(Extracted entries)

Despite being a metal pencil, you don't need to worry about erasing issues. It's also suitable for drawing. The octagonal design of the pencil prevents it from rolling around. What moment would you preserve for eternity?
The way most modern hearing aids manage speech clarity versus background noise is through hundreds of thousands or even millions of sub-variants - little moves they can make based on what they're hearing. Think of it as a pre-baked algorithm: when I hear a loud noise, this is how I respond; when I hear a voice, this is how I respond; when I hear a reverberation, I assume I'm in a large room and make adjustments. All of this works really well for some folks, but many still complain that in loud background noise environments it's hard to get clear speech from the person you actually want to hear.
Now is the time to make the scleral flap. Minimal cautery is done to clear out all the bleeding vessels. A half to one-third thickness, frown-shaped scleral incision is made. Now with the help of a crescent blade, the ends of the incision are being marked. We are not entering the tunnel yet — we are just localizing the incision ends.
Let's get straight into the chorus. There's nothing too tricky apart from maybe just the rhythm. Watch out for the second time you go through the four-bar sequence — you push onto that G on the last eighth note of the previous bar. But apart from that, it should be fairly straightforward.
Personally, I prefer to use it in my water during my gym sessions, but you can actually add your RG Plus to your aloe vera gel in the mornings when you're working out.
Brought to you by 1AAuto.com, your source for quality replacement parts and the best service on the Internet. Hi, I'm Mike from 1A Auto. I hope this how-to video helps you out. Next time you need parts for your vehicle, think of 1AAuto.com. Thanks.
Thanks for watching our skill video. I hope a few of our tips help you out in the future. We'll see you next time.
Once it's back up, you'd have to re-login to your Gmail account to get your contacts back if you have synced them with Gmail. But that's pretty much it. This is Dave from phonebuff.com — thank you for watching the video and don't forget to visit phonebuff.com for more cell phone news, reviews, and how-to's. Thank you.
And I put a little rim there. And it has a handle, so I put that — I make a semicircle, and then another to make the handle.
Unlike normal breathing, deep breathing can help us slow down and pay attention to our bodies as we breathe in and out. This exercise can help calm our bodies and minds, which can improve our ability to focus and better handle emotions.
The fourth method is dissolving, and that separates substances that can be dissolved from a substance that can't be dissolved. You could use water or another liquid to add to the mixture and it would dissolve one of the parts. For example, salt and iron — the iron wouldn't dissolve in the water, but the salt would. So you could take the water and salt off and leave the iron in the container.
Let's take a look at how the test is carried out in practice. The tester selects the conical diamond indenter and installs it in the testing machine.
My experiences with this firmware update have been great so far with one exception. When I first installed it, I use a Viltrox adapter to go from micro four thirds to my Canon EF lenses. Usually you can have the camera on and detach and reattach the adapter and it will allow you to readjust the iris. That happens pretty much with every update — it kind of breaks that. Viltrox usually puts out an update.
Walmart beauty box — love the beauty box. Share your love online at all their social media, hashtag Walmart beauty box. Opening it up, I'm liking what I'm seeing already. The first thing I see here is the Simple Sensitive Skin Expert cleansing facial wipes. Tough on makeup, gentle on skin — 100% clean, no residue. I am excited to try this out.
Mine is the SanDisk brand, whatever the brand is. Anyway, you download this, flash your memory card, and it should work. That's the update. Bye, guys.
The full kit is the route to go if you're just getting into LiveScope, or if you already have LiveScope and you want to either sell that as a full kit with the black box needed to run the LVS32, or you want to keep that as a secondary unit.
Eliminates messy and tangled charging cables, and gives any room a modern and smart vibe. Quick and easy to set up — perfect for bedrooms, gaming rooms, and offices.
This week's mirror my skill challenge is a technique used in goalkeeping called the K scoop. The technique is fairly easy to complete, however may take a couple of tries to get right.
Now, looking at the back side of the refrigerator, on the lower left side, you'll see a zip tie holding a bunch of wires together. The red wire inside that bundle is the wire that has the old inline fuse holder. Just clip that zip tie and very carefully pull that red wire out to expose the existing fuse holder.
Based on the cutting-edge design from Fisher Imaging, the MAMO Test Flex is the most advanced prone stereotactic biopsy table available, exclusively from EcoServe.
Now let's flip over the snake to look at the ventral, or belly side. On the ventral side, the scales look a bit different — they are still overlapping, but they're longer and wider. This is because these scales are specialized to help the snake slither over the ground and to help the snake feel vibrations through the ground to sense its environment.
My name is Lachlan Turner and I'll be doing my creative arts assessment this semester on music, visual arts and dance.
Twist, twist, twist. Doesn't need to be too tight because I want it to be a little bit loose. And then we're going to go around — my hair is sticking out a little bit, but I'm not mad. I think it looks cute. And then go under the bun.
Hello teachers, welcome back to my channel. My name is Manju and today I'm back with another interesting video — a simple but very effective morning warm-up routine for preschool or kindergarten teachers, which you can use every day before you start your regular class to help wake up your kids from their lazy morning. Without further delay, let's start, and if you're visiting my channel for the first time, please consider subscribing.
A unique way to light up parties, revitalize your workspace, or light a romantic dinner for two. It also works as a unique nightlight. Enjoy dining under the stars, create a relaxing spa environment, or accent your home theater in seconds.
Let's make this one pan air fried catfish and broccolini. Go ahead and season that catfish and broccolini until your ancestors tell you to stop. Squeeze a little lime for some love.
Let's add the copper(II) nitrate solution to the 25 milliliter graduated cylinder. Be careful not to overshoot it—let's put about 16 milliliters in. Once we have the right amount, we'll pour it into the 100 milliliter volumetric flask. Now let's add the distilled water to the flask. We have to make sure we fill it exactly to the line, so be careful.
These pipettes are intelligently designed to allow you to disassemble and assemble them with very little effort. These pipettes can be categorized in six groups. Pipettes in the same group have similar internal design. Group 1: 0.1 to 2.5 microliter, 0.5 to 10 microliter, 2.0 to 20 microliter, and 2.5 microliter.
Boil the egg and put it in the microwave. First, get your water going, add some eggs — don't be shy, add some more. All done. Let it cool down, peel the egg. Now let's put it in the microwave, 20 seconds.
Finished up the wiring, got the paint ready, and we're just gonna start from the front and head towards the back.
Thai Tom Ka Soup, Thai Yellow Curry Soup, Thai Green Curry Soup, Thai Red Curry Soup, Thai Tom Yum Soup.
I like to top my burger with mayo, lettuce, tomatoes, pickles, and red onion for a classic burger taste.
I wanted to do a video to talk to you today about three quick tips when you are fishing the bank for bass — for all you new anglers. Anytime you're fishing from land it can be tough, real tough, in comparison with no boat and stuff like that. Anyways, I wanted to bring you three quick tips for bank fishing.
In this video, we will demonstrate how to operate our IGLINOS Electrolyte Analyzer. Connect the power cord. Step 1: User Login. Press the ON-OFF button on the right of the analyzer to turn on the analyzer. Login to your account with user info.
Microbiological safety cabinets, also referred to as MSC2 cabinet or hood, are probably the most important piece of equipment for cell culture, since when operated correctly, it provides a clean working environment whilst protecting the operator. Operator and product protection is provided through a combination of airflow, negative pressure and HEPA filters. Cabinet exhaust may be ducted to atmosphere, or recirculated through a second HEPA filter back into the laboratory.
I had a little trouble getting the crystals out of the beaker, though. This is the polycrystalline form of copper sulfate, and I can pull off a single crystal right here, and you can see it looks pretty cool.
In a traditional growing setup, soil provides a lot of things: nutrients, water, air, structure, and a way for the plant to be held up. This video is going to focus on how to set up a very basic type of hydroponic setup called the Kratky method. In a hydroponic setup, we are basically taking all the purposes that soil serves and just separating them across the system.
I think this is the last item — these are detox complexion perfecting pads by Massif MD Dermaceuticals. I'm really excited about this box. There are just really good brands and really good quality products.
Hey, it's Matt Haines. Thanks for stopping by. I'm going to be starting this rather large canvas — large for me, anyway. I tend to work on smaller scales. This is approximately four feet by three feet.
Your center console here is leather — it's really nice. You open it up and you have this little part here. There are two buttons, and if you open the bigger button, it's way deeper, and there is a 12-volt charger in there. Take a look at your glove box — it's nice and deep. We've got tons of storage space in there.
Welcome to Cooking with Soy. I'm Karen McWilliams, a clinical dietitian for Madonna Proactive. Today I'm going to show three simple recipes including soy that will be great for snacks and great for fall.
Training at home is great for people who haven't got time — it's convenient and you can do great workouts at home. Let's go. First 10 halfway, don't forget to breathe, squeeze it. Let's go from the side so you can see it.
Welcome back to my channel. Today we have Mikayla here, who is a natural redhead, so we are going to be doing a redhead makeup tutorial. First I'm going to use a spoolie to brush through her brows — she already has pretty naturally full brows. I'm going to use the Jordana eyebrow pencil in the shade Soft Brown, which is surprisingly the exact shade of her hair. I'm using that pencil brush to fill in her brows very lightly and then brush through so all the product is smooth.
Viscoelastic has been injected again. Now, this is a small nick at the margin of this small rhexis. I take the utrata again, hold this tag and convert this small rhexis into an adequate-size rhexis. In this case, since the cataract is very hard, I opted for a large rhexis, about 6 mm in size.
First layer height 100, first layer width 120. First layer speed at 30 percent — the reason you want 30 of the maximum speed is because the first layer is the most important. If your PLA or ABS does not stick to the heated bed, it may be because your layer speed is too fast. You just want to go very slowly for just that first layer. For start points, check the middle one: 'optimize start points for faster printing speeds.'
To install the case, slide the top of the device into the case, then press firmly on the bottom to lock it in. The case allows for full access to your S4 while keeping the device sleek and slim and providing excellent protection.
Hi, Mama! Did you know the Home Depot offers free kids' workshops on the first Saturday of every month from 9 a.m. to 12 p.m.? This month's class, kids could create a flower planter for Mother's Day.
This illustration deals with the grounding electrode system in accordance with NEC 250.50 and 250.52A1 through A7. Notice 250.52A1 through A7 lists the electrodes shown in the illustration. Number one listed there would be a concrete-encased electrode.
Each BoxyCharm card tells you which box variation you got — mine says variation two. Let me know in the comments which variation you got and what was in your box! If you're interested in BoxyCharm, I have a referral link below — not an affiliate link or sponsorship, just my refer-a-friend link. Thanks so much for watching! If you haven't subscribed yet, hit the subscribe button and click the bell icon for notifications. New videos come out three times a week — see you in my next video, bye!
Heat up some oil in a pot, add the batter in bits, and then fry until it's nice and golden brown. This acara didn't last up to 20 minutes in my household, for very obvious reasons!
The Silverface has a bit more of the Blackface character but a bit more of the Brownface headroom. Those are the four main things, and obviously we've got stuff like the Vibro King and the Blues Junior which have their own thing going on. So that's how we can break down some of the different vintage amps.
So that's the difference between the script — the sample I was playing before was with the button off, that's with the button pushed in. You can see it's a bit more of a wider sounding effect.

(End Extracted entries)

■ Directions for this task ■
Above are some lines. Repeat exactly, and only, those from the line that has "Hi, Mama! Did" through the line that has "This illustration deals".

■ Final answer ■
Hi, Mama! Did you know the Home Depot offers free kids' workshops on the first Saturday of every month from 9 a.m. to 12 p.m.? This month's class, kids could create a flower planter for Mother's Day.
This illustration deals with the grounding electrode system in accordance with NEC 250.50 and 250.52A1 through A7. Notice 250.52A1 through A7 lists the electrodes shown in the illustration. Number one listed there would be a concrete-encased electrode.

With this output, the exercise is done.